Rethink Leadership Strategies
In a remote-first philosophy, leadership strategies must evolve to accommodate employees working from anywhere. Leaders need to ensure they demonstrate strong leadership to remote teams through effective communication, setting clear expectations, and respect for cultural diversity. Leaders would also institute a culture of trust and give their teams the autonomy required to make decisions and manage their work. These leaders would work on the development of organisational cultures that embed innovation and embrace remote working, blended it with the traditional style of working.
Invest in Technology
Remote work only works when supported by the right technology. Companies need to invest in technology, which enables them to work flexibly without sacrificing productivity. This includes quality audio and video conferencing software, project management tools, adaptive fire-walls or VPN setups and access to all the relevant software their employees need for their roles. Company-wide application of cloud or hybrid technologies may allow teams to move seamlessly, enabling remote members of teams to work or collaborate seamlessly and allow for secure, digital storage of every document or vital work project.
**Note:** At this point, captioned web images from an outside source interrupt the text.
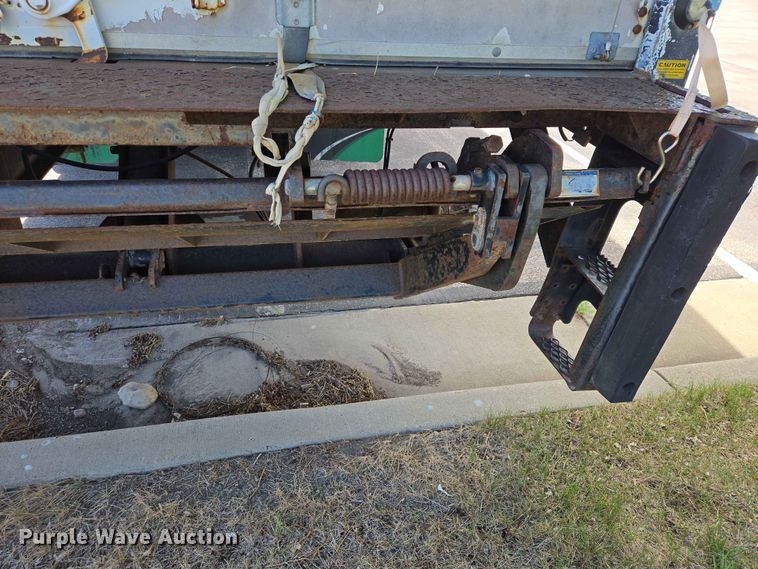 image for item DP8942 2014 International 4300 box truck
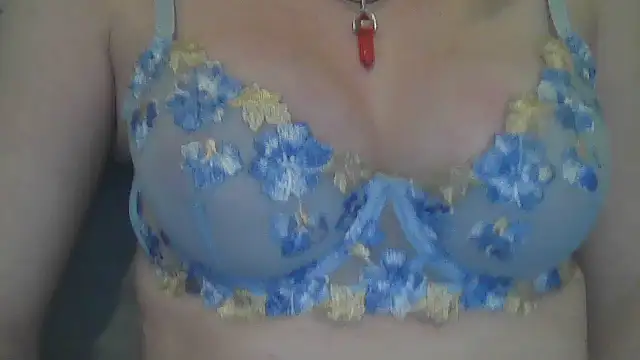 Snapshot of flirty_babe_x chatting on 04.19.26 flirty babe x online show from 04.19.26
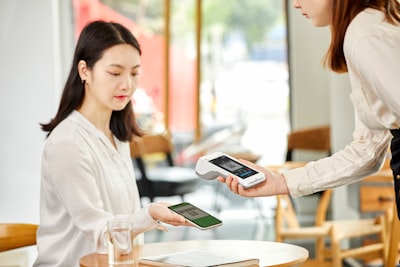 ¿Automatización de Encuestas: Reducción de Costos y Ahorro de Tiempo?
Monitor Employee Engagement
Working remotely or from an office location requires strong communication skills and engagement, which may prove hard to achieve in some cases. Remote-first philosophy calls for team leaders and managers to monitor employee drive, goals, and engagement. It is essential to be proactive and anticipate potential engagement gaps that may arise, thus striving to mitigate or preventing them entirely. Leaders may consider instituting reward programmes or incentives to encourage employees who excel at remote work.
The remote-first philosophy has become increasingly popular, given the pandemic’s shift and the need for flexible working arrangements. Companies need to embrace a flexible work schedule, prioritize communication, focus on results, offer additional perks, empower employees, reconfigure the workspace, rethink leadership strategies, invest in technology and monitor employee engagement to sustain a remote-first philosophy while working from an office location. Sustaining this philosophy will result in motivated and engaged employees resulting in enhanced productivity and a positive work environment.